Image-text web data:
┄┄┄┄┄┄
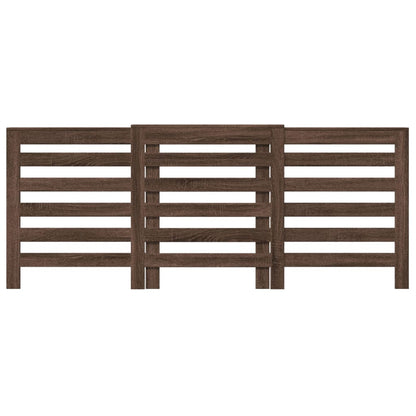vidaXL Cache-radiateur chêne marron 205x21,5x83,5 cm bois d'ingénierie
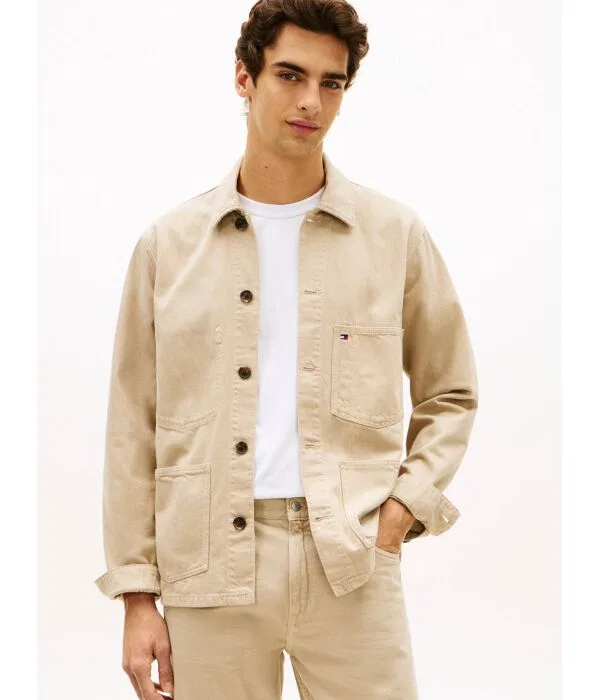 Мужская джинсовая куртка TH x F.C. Liverpool Tommy Hilfiger, бежевый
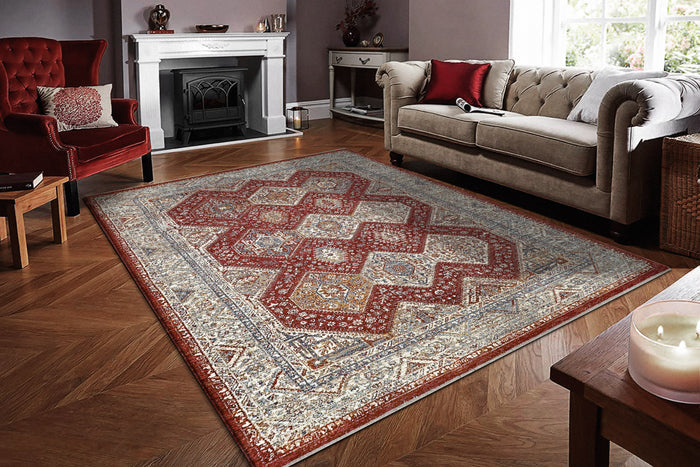 Dynamic Rugs Dakota 6641-399 Red/Multi Rug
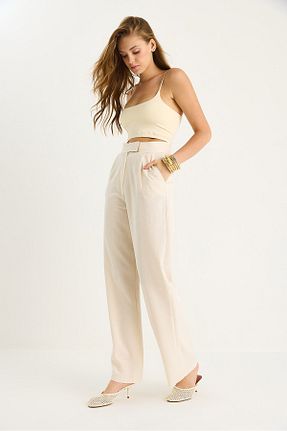 شلوار بژ زنانه ویسکون Bianco Lucci - کد 952457195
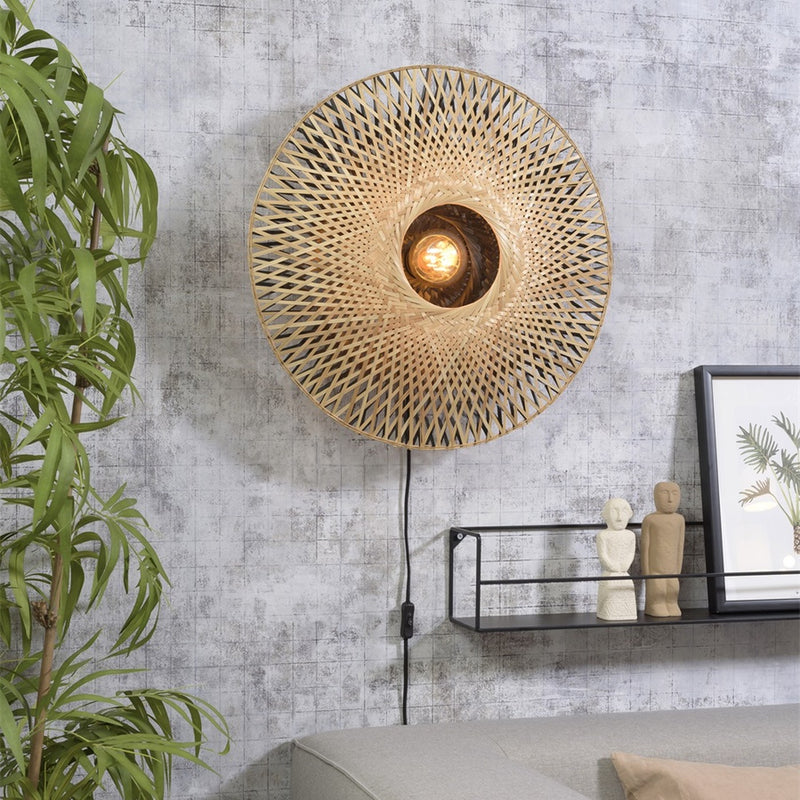 Dimensions Applique murale Kalimantan bambou naturel 60 cm E27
┄┄┄┄┄┄
Counting the line with "Мужская джинсовая куртка" and the last line of the data above, transcribe those two lines and every line between them exactly, without the pictures.

 Мужская джинсовая куртка TH x F.C. Liverpool Tommy Hilfiger, бежевый
 Dynamic Rugs Dakota 6641-399 Red/Multi Rug
 شلوار بژ زنانه ویسکون Bianco Lucci - کد 952457195
 Dimensions Applique murale Kalimantan bambou naturel 60 cm E27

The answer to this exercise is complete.